Réactive presse – La Cour internationale de Justice (CIJ) vient de rendre son avis consultatif très attendu concernant les obligations juridiques des États en matière de changement climatique. Saisie par l’Assemblée générale des Nations Unies, suite à la mobilisation de pays insulaires particulièrement impactés et de jeunes, la Cour devait répondre à deux questions suivantes : quelles sont les obligations des États, en vertu du droit international, face à la crise climatique ? Quelles sont les conséquences juridiques en cas de manquement ?
A l’unanimité, la Cour confirme des standards d’obligations élevés pour tous les Etats de faire leur part dans la lutte contre le changement climatique et que ces obligations doivent être guidées par des valeurs de justice et d’équité, notamment en prenant en compte les responsabilités et capacités différenciées des Etats. Elle appelle également les Etats à réguler les acteurs privés très émetteurs.
Les principaux éléments de l’avis rendu sont :
- 1.5°C. La Cour constate que les conséquences graves et profondes du changement climatique impactent les écosystèmes et les êtres humains. Au vu de la menace urgente et existentielle que fait peser la crise climatique, chaque degré compte et l’objectif de maintenir le réchauffement climatique à 1.5°C fait consensus.
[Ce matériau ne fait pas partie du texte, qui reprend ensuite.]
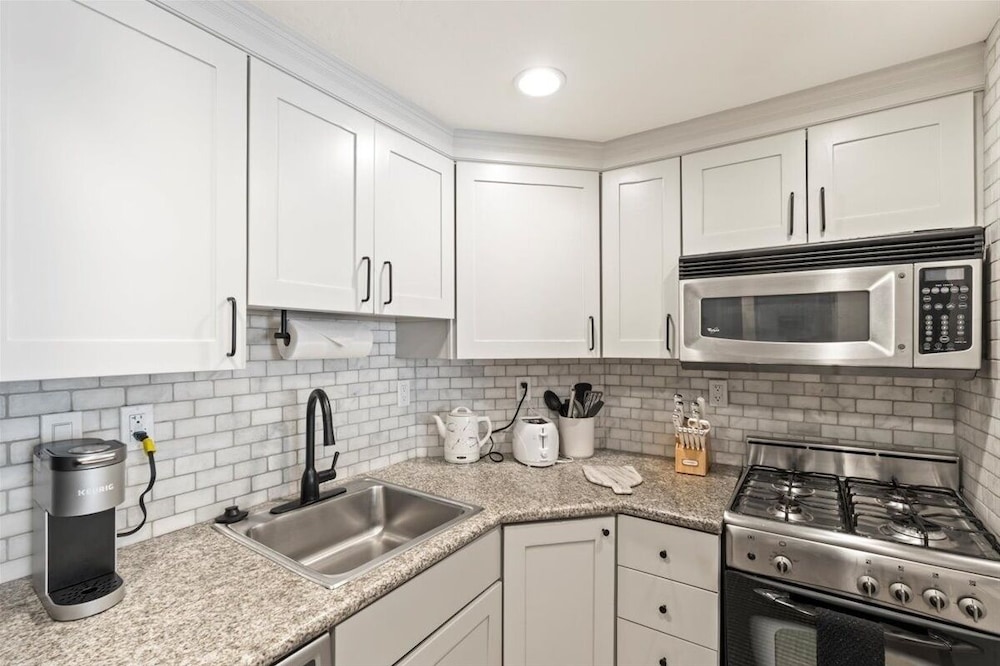 Villa 3023 1 Bed 1 Bath Full Kitchen 1 Bedroom Villa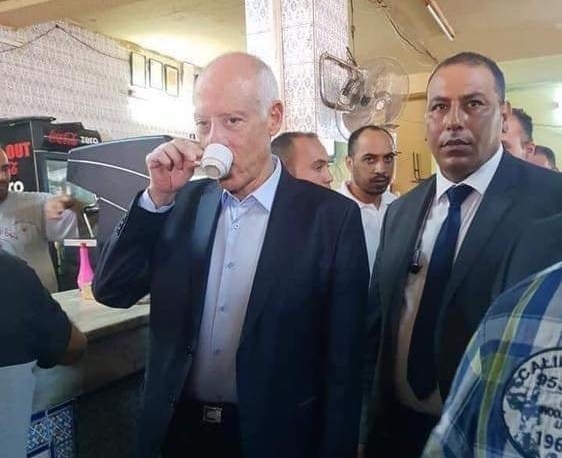 « Les plats emportés » par la garde présidentielle au domicile de Kaïs Saïed : le démenti de la présidence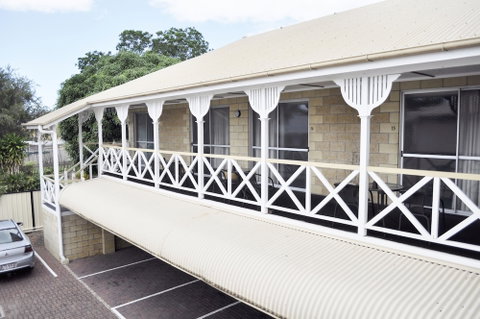 Alexandra Park Motor Inn - Accommodation Rockhampton 2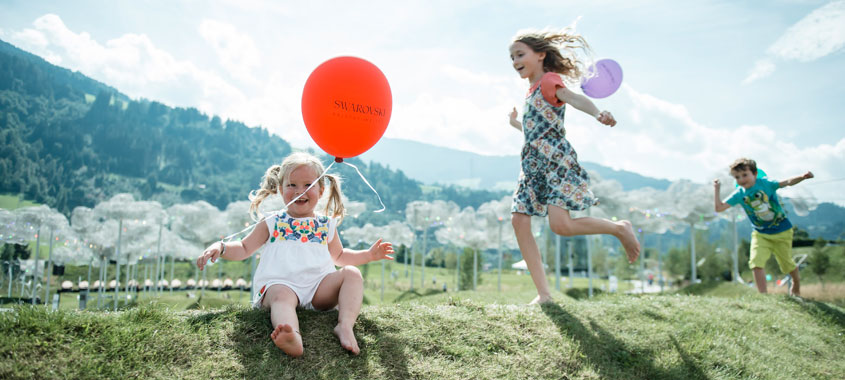 Zwei Kinder spielen mit Luftballons in den Swarovski Kristallwelten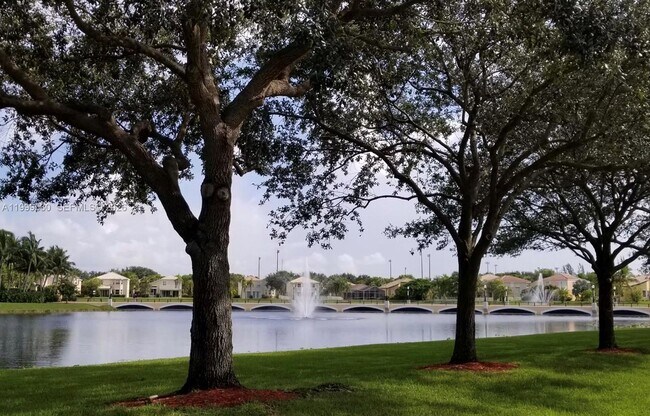 Building Photo - 4860 SW 161st Ln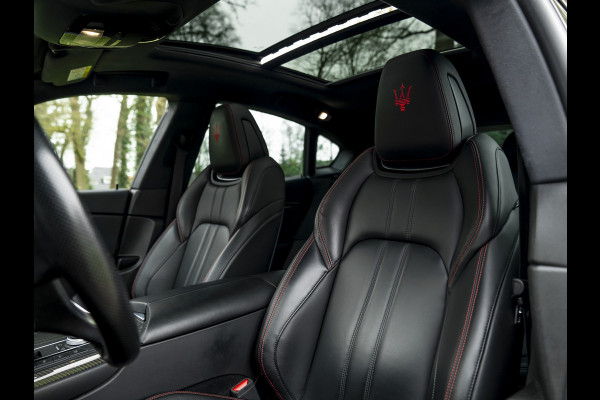 Maserati Levante 3.0 V6 Modena S AWD | Pano-dak | Harman/Kardon | Luchtvering | Carbon interieur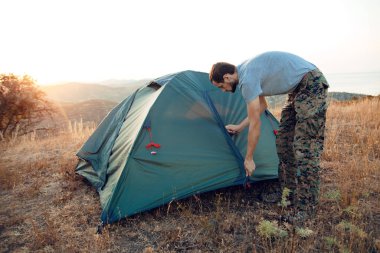 Turist bir çadır kurar
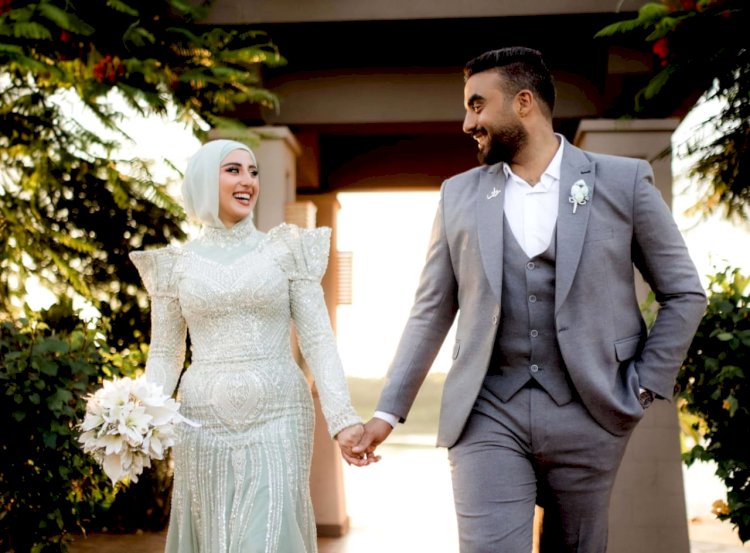 روان عمرو تحتفل بخطوبتها من كابتن بحار في حفل أسطوري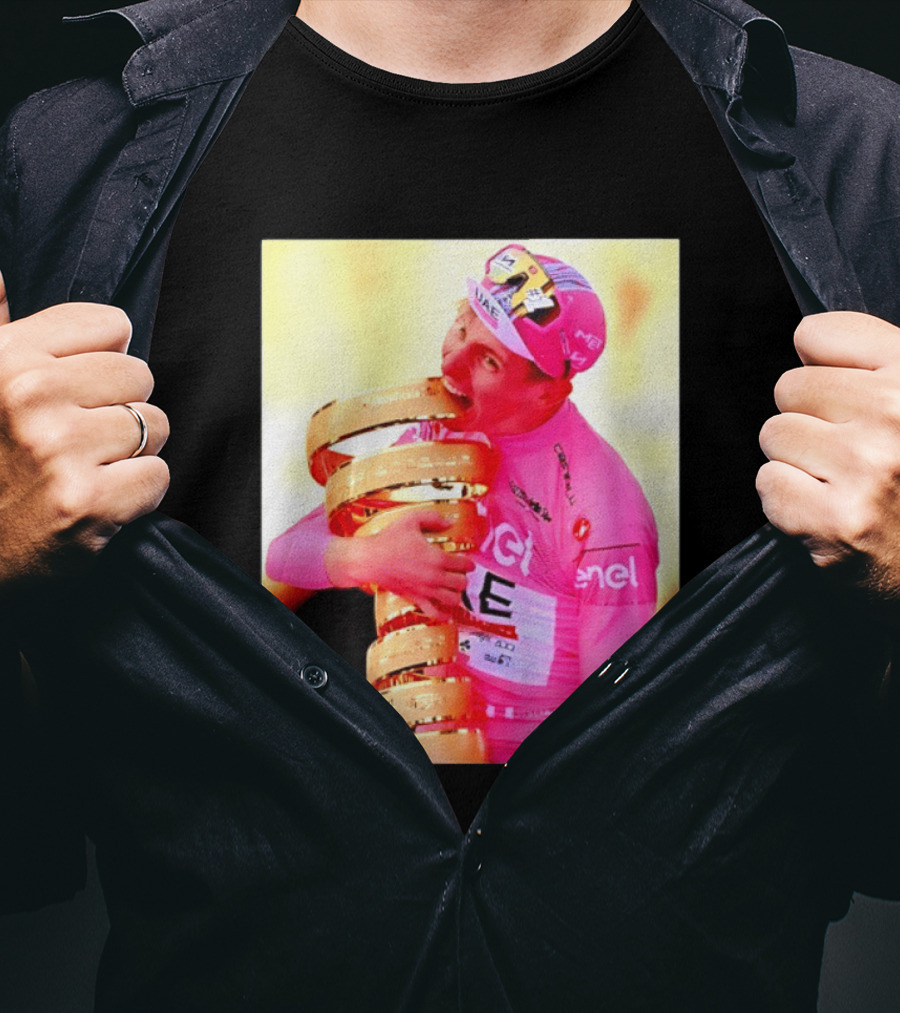 Tadej Pogacar 2024 Giro D'Italia Trophy Celebration In Pink Jersey T-Shirt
- Des obligations plus larges que celles de l’Accord de Paris. Les obligations des Etats ne se limitent pas aux engagements de l’Accord de Paris ou autres traités spécifiques au changement climatique, mais découlent de très nombreux traités internationaux et du droit international coutumier.
- Tous les pays du monde sont concernés. Les Etats qui ne sont pas parties aux conventions tels que l’Accord de Paris ont la charge de la preuve de démontrer qu’ils se conforment au droit international général et aux obligations climatiques. Ils ne sont pas dispensés d’obligations, ni prémunis des conséquences juridiques en cas de manquements.
- L’inaction climatique est une violation des droits humains. Le droit international relatif aux droits humains s’applique à la lutte contre la crise climatique. La Cour Internationale de Justice reconnaît également le droit à un environnement sain, y compris pour les générations futures.
- Types d’obligations. Les Etats ont des obligations d’atténuation des émissions pour maintenir le réchauffement climatique à 1.5°C, en mettant en place des règles et mesures appropriées pour réduire rapidement et considérablement les émissions de GES, mais aussi d’adaptation au changement climatique et de coopération. Les principes qui doivent guider ces obligations sont ceux de la responsabilité commune mais différenciée, le principe de précaution, la diligence raisonnable, l’équité et l’équité intergénérationnelle.
- Responsabilité commune mais différenciée. Tous les Etats doivent faire leur part dans la lutte contre le changement climatique, mais la part des efforts de chaque État dépend de sa responsabilité historique (émissions passées), et de sa capacité, matérielle et financière, actuelle à réduire ses émissions.
- Obligation de coopération. Le devoir qu’ont les Etat de coopérer est intrinsèquement lié au devoir de prévenir les dommages significatifs, car les efforts que les États déploient pourraient ne pas être effectifs sans coopération (assistance financière, transfert de technologies, renforcement de capacité etc.).
- Sortie des énergies fossiles. Le fait pour les États de ne pas prendre les mesures appropriées, notamment en matière de production et de consommation de combustibles fossiles, d’octroi de licences d’exploration de combustibles fossiles ou de subventions, peut constituer un fait illicite.
- Obligation de régulation des multinationales. Les Etats ont le devoir de réglementer les acteurs privés.
- COP 30. Les décisions des COP sont des éléments d’interprétation complétant les obligations existantes. La coopération financière entre les Etats et les obligations de réparation et de compensation financière (fonds pertes et préjudices) ont également été reconnus par la Cour.
Un avis qui s’applique aux tribunaux du monde entier. Bien que l’avis de la Cour soit consultatif et pose les bases du cadre juridique international, il est pertinent pour toutes les juridictions nationales qui pourront rendre des décisions de justice contraignantes.